[[ Available data, beginning ]]

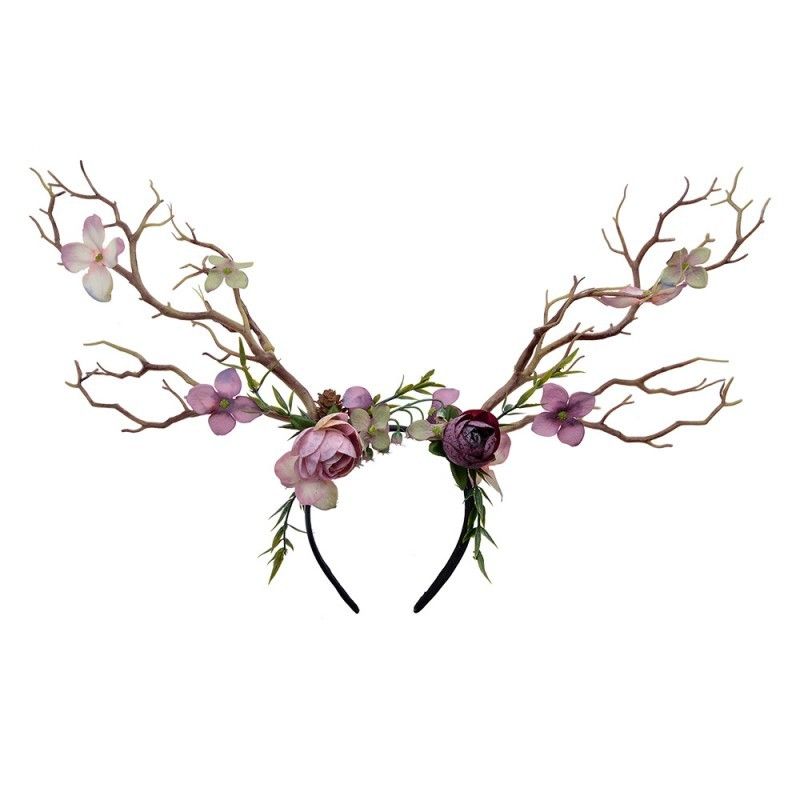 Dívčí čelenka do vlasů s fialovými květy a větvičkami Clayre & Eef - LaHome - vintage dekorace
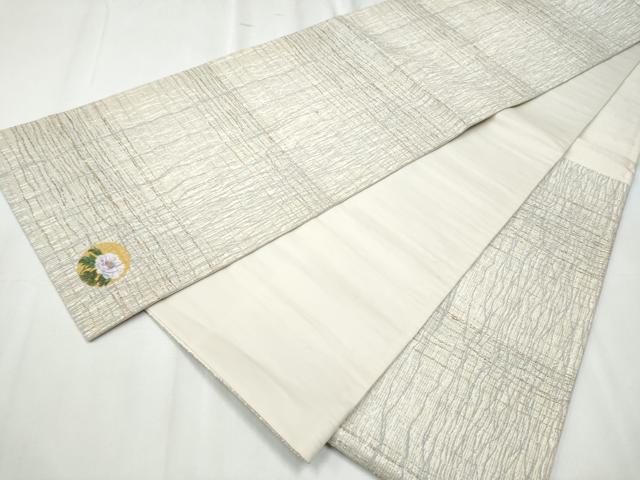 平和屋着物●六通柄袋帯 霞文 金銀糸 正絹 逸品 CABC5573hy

[[ Available data, end ]]
[[ Available data, beginning ]]

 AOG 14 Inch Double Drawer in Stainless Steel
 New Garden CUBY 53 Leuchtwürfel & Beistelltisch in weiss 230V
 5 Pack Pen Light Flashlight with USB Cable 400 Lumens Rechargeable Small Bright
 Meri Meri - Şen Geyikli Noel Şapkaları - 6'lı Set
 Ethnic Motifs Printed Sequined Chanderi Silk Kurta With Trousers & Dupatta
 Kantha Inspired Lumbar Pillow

[[ Available data, end ]]

**Work task**
Above are records with pictures. Reproduce exactly only the lines from the line with "Dívčí čelenka do" through the line with "平和屋着物●六通柄袋帯 霞文 金銀糸 正絹 逸品 CABC5573hy", both ends included, and leave the pictures out.

**The answer**
 Dívčí čelenka do vlasů s fialovými květy a větvičkami Clayre & Eef - LaHome - vintage dekorace
 平和屋着物●六通柄袋帯 霞文 金銀糸 正絹 逸品 CABC5573hy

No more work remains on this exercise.